The company is focusing on its "highest-returning businesses" in addition to cutting jobs
The Detroit, Mich.-based Ally Financial is exiting the mortgage origination business, as first reported by The Charlotte Observer. The holding company and financial services provider offers mortgage lending services through its digital-only banking subsidiary, Ally Bank.
Ally Financial was known as GMAC until 2010. A spokesperson for Ally Financial, Peter Gilchrist, told NMP in a statement that employees had been notified on Tuesday. Gilchrist said the company will cease originations in the first quarter and "gradually run-off our remaining assets."
In an effort to "right-size" the company, Gilchrist said Ally Financial is "making the tough, yet necessary, decisions to guide our business into the future," which includes a heightened focus "on our strengths and our highest-returning businesses."

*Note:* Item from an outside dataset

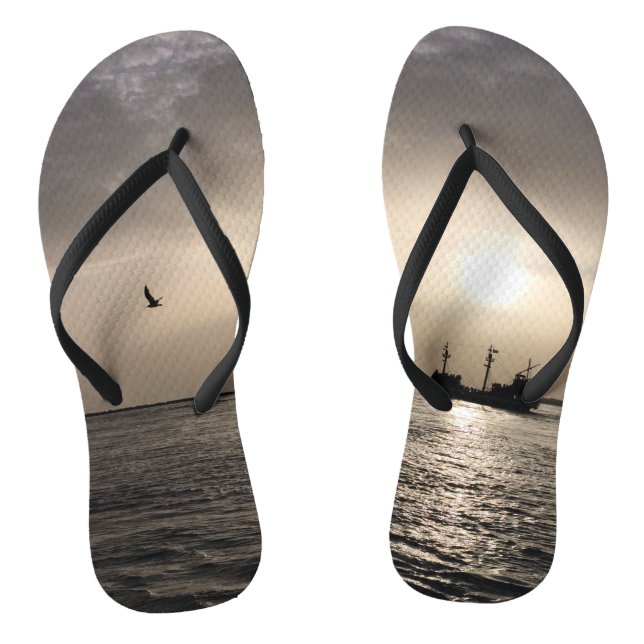 Nautical Ship Seagull Thongs (Footbed)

Ally Financial’s third-quarter 2024 earnings statement showed pre-tax income from mortgage finance-related operations as flat from the second quarter at $27 million, up only $1 million from the year prior.

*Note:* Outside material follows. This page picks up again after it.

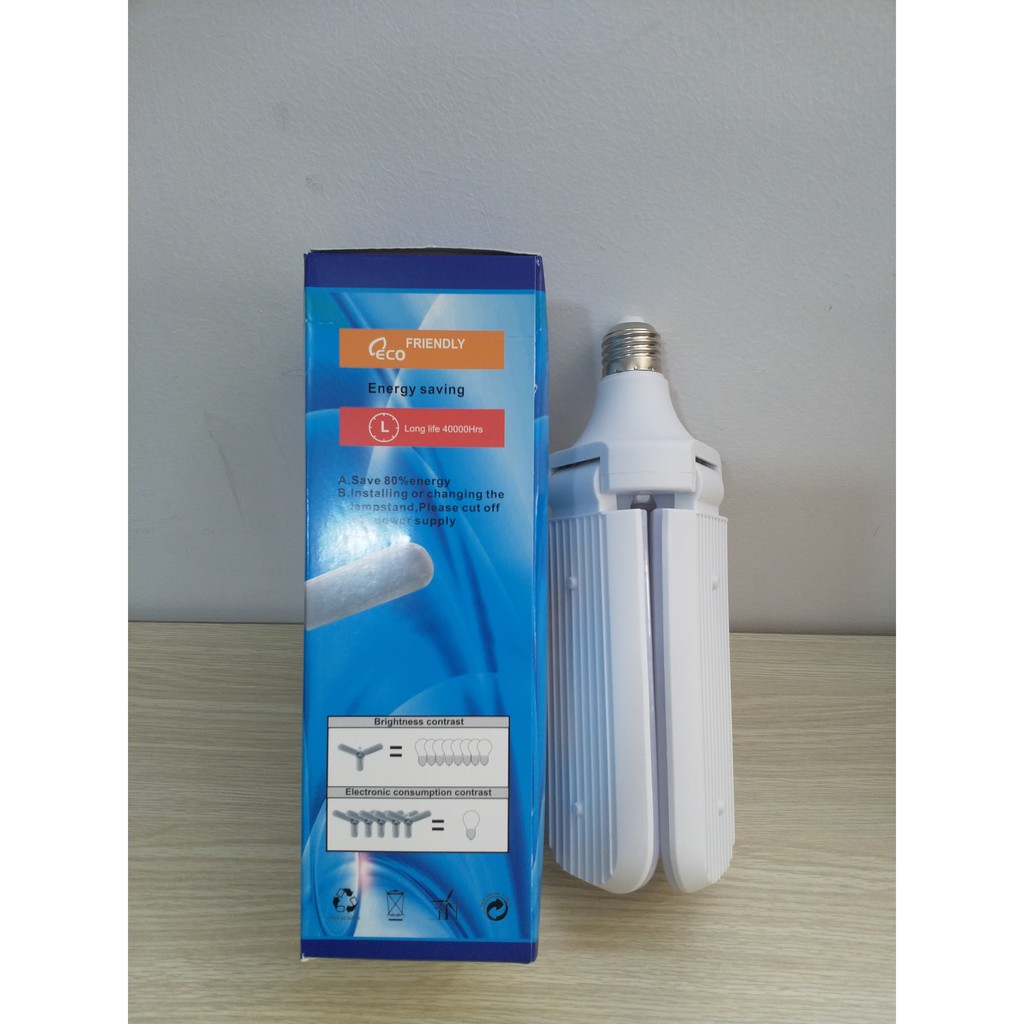 Bóng đèn LED cánh quạt xếp ánh sáng trắng - 45W / 65W siêu sáng (3 cánh hoặc 4 cánh tùy chọn - bảo hành 1 năm) | BigBuy360 - bigbuy360.vn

Gilchrist added that they would "selectively reduce our workforce in some areas," impacting less than 5% of its approximately 11,000-person workforce, "while continuing to hire in our other areas of our business" as it looks for "strategic alternatives for our credit card business in the first quarter of this year.”
The company reported $256 million in direct-to-consumer (DTC) originations in the third quarter, $261 million in the second quarter, and $233 million in the first quarter, with existing deposit customers comprising more than 70% of its DTC production volumes in all three quarters.
"We are deeply committed to supporting those affected," Gilchrist said, "and are offering a robust severance package and career out-placement support, and those impacted will have the opportunity to apply for openings."